Curley’s teammate Joe Wolters, the old veteran of the sport even in 1915, had been hobbling around with two canes in the weeks leading up to the race in Chicago but was determined to compete. Despite his limp, his canes, and his swollen foot Wolters cut though the dense field of fire breathers. Unfortunately though, just 3 laps after Curley’s blow out Wolter’s also threw a tire and sprung his frame. Wolters was visibly irritated with the thought of having to retire so early and in just a  little more than 30 mies in Harley-Davidson had already lost 1/3 of its team.

Leslie Parkhurst, the star of the early Harley program pulled into the pits on the 48th lap with a stuck intake valve and a seized brake drum. The lanky ginger spent a half hour in the pit anxiously awaiting the repairs to be completed, time which took him out of the running for any top position. Otto Walker pitted 2 laps after Parkhurst for fuel and oil and was back at it, wringing the neck of his new 11K and leading the race for the majority of first 150 miles. Forty minutes later Walker was back with a fouled plug, which was promptly switched out, the moment that I believe this photo comes from. Just 10 laps later, after running wide open for nearly 200 miles, Walker again returned to the pit on the 95th lap, this time with a broken valve, his race was done. 

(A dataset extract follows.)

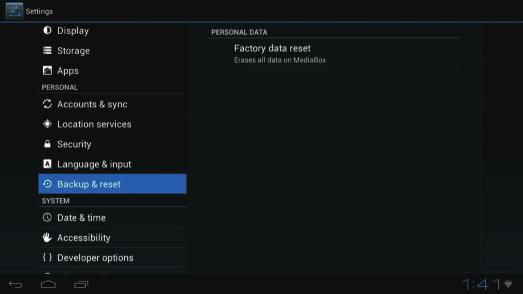 6.13 Backup & reset Move to " Backup & reset ",press to enter into factory data reset.you can erase all data on the MX2. 6.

That left only two, Bill Brier and young Ray Weishaar, Harley’s newest recruit in the running for a podium finish. Brier ran a consistent race, pitting only for fluids and again for fouled plug of his own on the 131st lap. Brier would go on to finish in 4th place in a time of 3 hours, 37 minutes, and 8 seconds. Weishaar was riding fast, earning his nickname as the Kansas Cyclone and keeping pace at the front of the narrowing pack. He made 3 pit stops for gas and oil throughout the race, but escaped the need for any time consuming procedures like tires, valves, or plugs. However, somewhere around lap 120 Weishaar’s helmet strapped snapped. At speed he pulled the broken strap to his mouth and held his helmet on with his teeth for 4 laps until the referee forced him to pit and get a new helmet. The time that he lost in the swap seemingly cost him 2nd place by a matter of less than 30 seconds, being beaten across the line by Indian’s Teddy Caroll, who was just behind Excelsior’s Carl Goudy in 1st place. 

Just as it is in modern racing, the art is in the balance and harmony struck between the performance capabilities of the machines, the skillset and determination of the riders, and the efficiency and effectiveness of a good crew, all are essential to winning.  Weishaar took the top spot for Harley-Davidson that day in 1915, and happily took the $300 prize for 3rd place as well, some of which he hopefully used to buy that poor pit crew member some new shoes.